Energy Consumption Takes Center Stage
By Brian Redlein
It must be said, that the single biggest item holding up new building approvals at DOB these days seems to boil down to one word: Energy.
With greater awareness of human impact on global climate in recent decades, many building regulators throughout the United States began to realize that buildings contributed nearly a third of greenhouse gasses to the atmosphere and that something needed to be done about it.

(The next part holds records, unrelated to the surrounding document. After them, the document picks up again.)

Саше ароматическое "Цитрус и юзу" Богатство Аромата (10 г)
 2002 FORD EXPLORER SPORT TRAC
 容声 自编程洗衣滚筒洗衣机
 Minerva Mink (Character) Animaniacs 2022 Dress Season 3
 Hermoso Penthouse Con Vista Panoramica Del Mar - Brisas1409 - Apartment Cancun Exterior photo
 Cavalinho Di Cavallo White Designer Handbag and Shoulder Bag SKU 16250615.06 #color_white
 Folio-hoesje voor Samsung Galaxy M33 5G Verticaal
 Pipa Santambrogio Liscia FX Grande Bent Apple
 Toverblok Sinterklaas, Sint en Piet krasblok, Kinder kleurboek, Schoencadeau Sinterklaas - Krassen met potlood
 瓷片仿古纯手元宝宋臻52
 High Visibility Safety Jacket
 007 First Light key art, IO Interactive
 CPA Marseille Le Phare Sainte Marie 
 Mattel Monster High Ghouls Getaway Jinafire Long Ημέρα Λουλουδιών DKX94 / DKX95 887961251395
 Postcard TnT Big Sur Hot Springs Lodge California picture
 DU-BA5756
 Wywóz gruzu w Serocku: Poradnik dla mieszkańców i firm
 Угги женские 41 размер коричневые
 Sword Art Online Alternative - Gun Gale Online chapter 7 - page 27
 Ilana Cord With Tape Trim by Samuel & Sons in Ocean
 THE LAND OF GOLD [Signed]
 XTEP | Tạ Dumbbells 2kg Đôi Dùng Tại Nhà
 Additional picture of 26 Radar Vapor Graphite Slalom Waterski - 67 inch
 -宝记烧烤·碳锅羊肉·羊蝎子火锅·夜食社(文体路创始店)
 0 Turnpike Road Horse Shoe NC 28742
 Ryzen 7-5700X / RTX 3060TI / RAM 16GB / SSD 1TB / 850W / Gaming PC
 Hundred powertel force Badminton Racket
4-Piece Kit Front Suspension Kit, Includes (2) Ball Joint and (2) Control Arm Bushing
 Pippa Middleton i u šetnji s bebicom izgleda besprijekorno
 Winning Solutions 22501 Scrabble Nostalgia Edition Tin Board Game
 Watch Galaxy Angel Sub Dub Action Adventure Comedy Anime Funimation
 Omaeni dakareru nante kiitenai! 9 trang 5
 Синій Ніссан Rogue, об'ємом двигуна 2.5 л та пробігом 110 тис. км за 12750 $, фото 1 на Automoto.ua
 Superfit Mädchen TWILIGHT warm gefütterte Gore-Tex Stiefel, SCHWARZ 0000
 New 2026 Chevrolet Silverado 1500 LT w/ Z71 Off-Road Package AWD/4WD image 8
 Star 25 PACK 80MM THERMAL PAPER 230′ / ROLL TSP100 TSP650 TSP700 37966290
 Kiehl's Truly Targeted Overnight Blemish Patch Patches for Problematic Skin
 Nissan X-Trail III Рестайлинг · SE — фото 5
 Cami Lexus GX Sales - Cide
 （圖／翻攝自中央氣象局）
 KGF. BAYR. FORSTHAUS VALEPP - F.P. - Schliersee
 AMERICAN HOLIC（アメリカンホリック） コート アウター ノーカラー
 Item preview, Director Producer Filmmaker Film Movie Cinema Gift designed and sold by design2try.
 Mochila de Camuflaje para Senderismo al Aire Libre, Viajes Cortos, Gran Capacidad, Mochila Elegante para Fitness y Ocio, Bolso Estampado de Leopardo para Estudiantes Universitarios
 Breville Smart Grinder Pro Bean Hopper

A building’s energy load can currently be measured in four separate categories: envelope, lighting, mechanical systems, and hot water systems. Envelope determines how well a building holds its heat in winter or how badly it loses it’s cool in summer. Lighting dictates how efficient bulbs and fixtures can be in a building, mandating specific lumen outputs for a given amount of wattage. Mechanical determines minimum energy efficiency ratios (EERs and SEERs) that air conditioning equipment must comply with. Hot water systems are far more basic and largely hinge on insulation provided for hot water pipes and tanks. Together all four make up a complete Energy Analysis which is required to be completed in full to permit a new building.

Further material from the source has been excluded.